The National Board for Wildlife (NBW),which is chaired by Prime Minister Manmohan Singh,will meet on Wednesday after a gap of more than two-and-a-half years to discuss a number of issues including the eco-tourism guidelines that have recently come under the Supreme Courts scrutiny.
The Supreme Court banned tourism in core areas of tiger habitats last month after which the central government agreed to review these guidelines. The apex court asked all stakeholders to make suggestions to the central government in preparing the revised guidelines. After the government submits the revised guidelines,the court will issue directions as to how to implement these.
The NBW,a statutory body with about 50 members,advises the central government on framing policies for conservation of wildlife. The meeting on Wednesday is likely to discuss the issues arising out of the complete ban on tourism in tiger areas and the views of various state governments and other stakeholders in this regard.

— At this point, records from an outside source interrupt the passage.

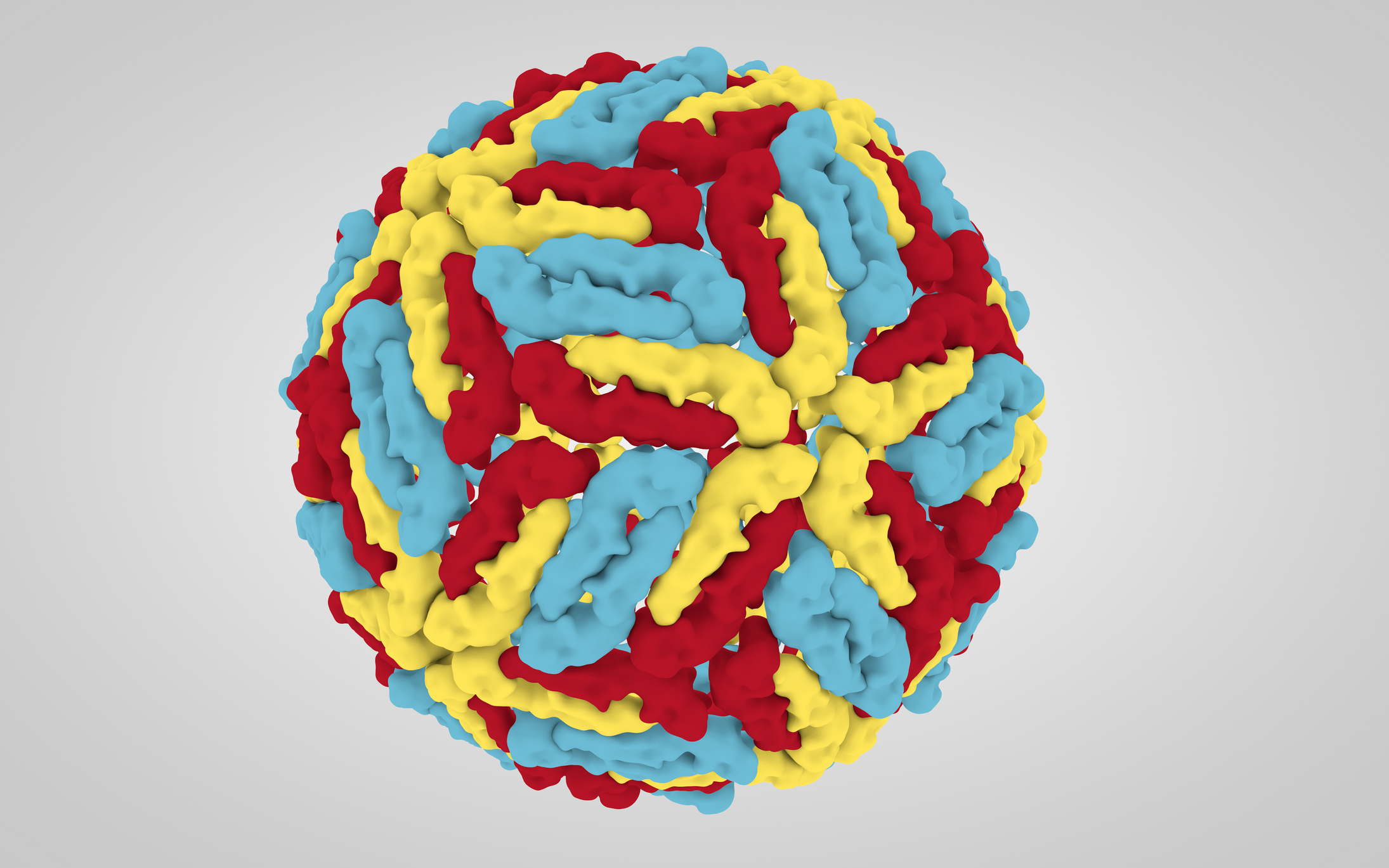 Así se ve la estructura de los flavivirus (Getty Images)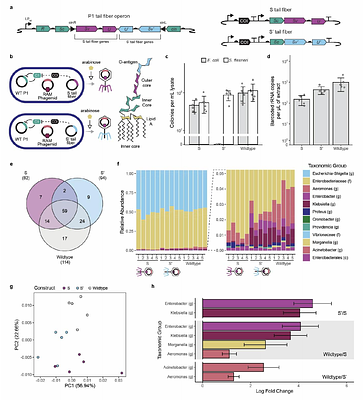Cross-order detection of bacteriophage transduction in communities using ribosomal RNA barcoding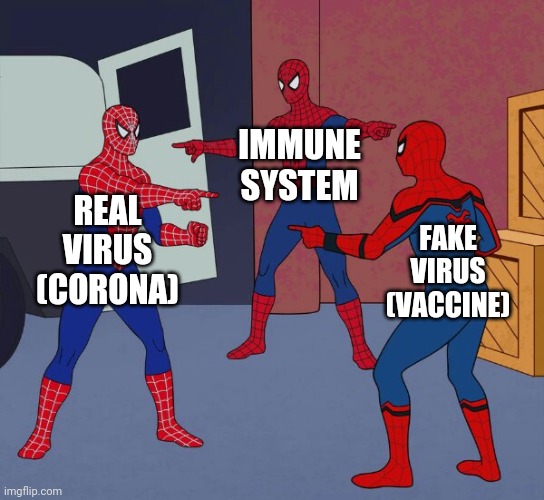 Mass Vaccination | IMMUNE
SYSTEM; REAL
VIRUS
(CORONA); FAKE
VIRUS
(VACCINE) | image tagged in spider man triple | made w/ Imgflip meme maker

The meeting is slated to also discuss the proposed amendments in the Wildlife Protection Act of 1972. These amendments seek to significantly enhance the penalty provisions for crimes against wildlife. In particular,the penalties for certain offences are sought to be increased from seven years imprisonment and/ or a fine of Rs 25,000 to seven years imprisonment and/ or a fine of Rs 50 lakh depending on the category of the crime. The draft amendment Bill has already been prepared by the Environment Ministry and is awaiting Cabinet clearance.
In addition,the meeting will take up for discussion the issue of finding a second home for Asiatic lions,which are currently found only in Gir forests of Gujarat,and the proposal for re-introduction of cheetah in India.
Some members have decided to raise the issue of neglect of protected areas other than tiger reserves. They have pointed out that while the 40 tiger reserves have attracted a funding of Rs 778 crore during the 11th five year plan and Rs 167 crore in the current financial year,the other 671 protected areas were starved of funds. Only Rs 364 crore was allocated for preservation of wildlife in these areas in the 11th plan.
In the current financial year,the allocation for the non-tiger protected areas was a mere Rs 73 crore,they have said.